Abstract: The prospects of three-dimensional (3D) integration for Terabyte large scale integration using bumpless interconnects with low-aspect-ratio TSVs and ultra-thinning are discussed. Bumpless (no bump) interconnects between wafers are a second-generation alternative to the use of microbumps for Wafer-on-Wafer (WOW) technology. Ultra-thinning of wafers down to 4 µm provides the advantage of a small form factor, not only in terms of the total volume of 3D ICs, but also the aspect ratio of ThroughSilicon-Vias (TSVs). Our bumpless interconnects technology is classified into Via-Last, which is performed from the front side after thinning, and stacking Back-to-Front, in which any number of thinned 300 mm wafers and/or heterogeneous dies can be integrated.
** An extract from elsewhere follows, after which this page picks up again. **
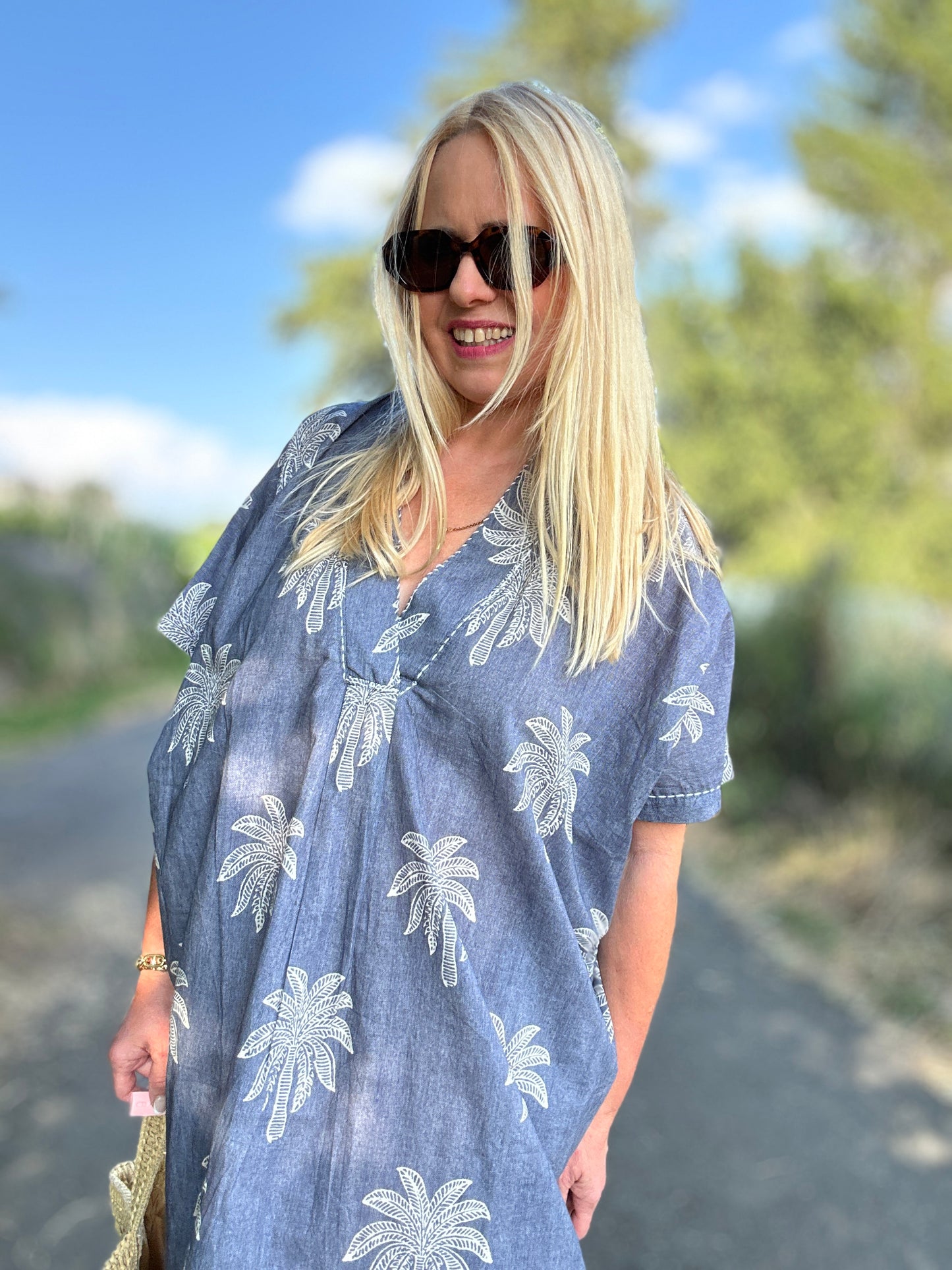 Strandkleid  Miami Jeansblau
From an economic point of view, in many situations WOW is the leading 3D process because stacking at the wafer level drastically increases the processing throughput, and using multi-level bumpless interconnects, with individual wiring die-to-die, provides an appropriate yield that is equivalent to or greater than that achievable with 2D processes when scaling down to 22 nm nodes and beyond.
Introduction
Prior to discussing 3D integration for high-volume manufacturing, it is necessary to investigate the future prospects of semiconductor technology development. Conventional two-dimensional (2D) scaling will face a severe economic crisis due to the expensive lithography processes and facilities required [1, 2] . Reducing costs requires the adoption of advanced lithography technologies, which, together with peripheral support facilities, account for one-third to one-fourth of the total cost of a manufacturing line. In short, while useful for reducing chip size, scaling is extremely burdensome in terms of capital investment. Large-scale investments have so far been made considering the technologies that will be available two to three generations ahead, e.g., 10 nm technology should be applied to nodes of <5 nm, which will also face physical limitations. This is based on the empirical rule that profits are made several generations after investments for reasons involving the tradeoffs between products sales and facility depreciation.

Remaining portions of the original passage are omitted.